Home > Software design >  How should I correctly learn GNU assembly?
How should I correctly learn GNU assembly?

Time:05-10

I'm learning assembly in ubuntu recently, I found some of assembles, like NASM, MASM, and GAS. Their syntax is different(particularly pseudo-directives), NASM and MASM support Intel syntax, GAS support AT&T Syntax.

Now, I want learn AT&T assembly, so, I use the GAS assemble and I found a series of about GAS manual, but it's painful to read for me, like lack of specific examples or just simply introducing basic syntax.

I found representative partial "guides":

Like this example https://sourceware.org/binutils/docs/as.html#Scl, I want to know what storage-class value we have? gccs-assembly-output-of-an-empty-program-on-x86-win32 tell me that .scl 2 means external storage class, but I can't find anything else about this value. and so on.

Maybe I am wrong in learning direction, or I found information wrong way. So I want to ask you that have some of guide or manual about AT&T with examples and clear explanation for beginner.

I am confusing that pseudo-directives, what is it like the standard assembly program structure?

CodePudding user response:

When learning assembly, you can mostly focus on the instructions, and .section and .globl directives. Unless you're trying to learn how GAS directives produce metadata, including debug info and other stuff that's useful for debugging high-level languages moreso than hand-written asm.

A lot of debug-info directives like apparently .scl only have their syntax documented, no real details on what the values mean or what other things might care about what value you put there.

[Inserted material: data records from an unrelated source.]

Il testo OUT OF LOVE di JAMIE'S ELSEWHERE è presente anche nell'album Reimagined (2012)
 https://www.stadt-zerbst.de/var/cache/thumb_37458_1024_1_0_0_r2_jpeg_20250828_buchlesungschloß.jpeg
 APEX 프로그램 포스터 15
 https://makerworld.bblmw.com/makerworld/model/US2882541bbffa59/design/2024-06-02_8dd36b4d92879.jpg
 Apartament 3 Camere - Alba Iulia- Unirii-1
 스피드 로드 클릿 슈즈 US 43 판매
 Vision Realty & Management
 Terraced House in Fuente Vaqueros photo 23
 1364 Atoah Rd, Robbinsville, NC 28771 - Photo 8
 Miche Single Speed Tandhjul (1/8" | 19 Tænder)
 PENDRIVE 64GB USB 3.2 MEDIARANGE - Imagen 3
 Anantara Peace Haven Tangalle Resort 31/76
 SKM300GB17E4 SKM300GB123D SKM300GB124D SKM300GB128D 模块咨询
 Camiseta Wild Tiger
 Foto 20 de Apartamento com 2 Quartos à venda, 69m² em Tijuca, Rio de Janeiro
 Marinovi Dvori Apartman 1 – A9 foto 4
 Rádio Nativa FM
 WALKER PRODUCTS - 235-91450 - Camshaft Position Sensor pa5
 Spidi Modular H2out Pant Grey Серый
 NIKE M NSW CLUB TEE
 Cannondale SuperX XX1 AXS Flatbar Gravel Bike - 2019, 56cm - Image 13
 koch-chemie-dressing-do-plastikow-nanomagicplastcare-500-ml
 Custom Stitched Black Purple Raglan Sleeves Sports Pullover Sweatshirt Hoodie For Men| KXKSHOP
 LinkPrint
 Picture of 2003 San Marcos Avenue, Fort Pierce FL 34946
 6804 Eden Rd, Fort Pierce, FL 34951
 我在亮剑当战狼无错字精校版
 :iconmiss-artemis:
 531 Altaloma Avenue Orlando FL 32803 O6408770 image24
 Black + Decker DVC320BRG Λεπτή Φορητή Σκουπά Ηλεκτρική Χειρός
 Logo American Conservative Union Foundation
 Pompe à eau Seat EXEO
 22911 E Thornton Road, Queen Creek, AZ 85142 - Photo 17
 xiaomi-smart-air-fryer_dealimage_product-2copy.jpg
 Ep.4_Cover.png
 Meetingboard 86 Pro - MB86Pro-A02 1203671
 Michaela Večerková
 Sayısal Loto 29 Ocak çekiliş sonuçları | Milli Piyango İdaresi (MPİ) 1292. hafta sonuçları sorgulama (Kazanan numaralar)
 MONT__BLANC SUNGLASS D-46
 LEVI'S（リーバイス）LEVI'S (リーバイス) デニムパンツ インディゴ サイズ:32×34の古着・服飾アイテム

You can write working hand-written asm to play around with using pretty much only .section and .globl. (And for static data, .byte / .short / .long / .quad and .ascii / .asciz for initialized, .space in the BSS, and .p2align if you need it).

That's why Matt Godbolt's "compiler explorer" site filters out directives by default, except for data initializers, because of course data is in .data or .rdata, and code in .text, and the interesting part about compiler asm output is the actual instructions (and static data). See How to remove "noise" from GCC/clang assembly output?


Being fully compliant with Windows expectations for SEH metadata for stack unwinding (especially in 64-bit code) may take some extra directives, same for x86-64 SysV .cfi stack-unwind metadata. But that's something you can worry about after you understand the basics of assembly, if you ever need to use hand-written asm in a robust production-quality context, rather than just as a one-off experiment to learn how instructions work.


https://stackoverflow.com/tags/x86/info has some links to tutorials (and manuals), and Programming from the Ground Up is a good free book for 32-bit x86 with AT&T syntax. (And GAS directives). It's aimed at running on Linux, so it can teach some OS / computing concepts along the way, the kind of background knowledge necessary for assembly (and system calls) to make sense. Online HTML version

To follow it on a modern 64-bit GNU/Linux distro, you may need as --32 and ld -m elf_i386 to override the defaults to 32-bit. And gcc -m32 -fno-pie -no-pie anywhere the book says gcc.

You might also want -fno-stack-protector to further simplify the asm output from C, if you're comparing book examples of how C compiles. But be aware that different GCC versions will compile differently, especially as default tuning options have changed over the years. -mtune=pentium or -mtune=pentium3 might also get GCC to choose code-gen strategies that are more like an old book. Of course, current GCC's choices are also correct, and more appropriate for newer CPUs, just different from old GCC!

Also the i386 SysV ABI as used on Linux has changed to require 16-byte stack alignment before a call instruction, due to GCC accidentally making 32-bit code e.g. using movaps that relied on that performance optimization GCC was choosing to do. Calling libc functions will usually still happen to work in 32-bit code with only 4-byte stack alignment, but if you see modern GCC reserving more space than it needs, that's usually why.


Nitpick:

I found some of assemblers, like NASM, MASM, and GAS. Their syntax is different(particularly pseudo-directives), NASM and MASM support Intel syntax, GAS support AT&T Syntax.

Directives are orthogonal to instruction syntax, and there are different flavours of Intel syntax, especially between MASM vs. NASM. (As well as major differences between MASM and NASM for directives).

Also, GAS also supports .intel_syntax noprefix to use a somewhat MASM-like instruction syntax, but still GAS directives.

(Similarly, YASM has an AT&T mode to use AT&T instruction syntax, but still NASM/YASM preprocessor and directives.)

  • Related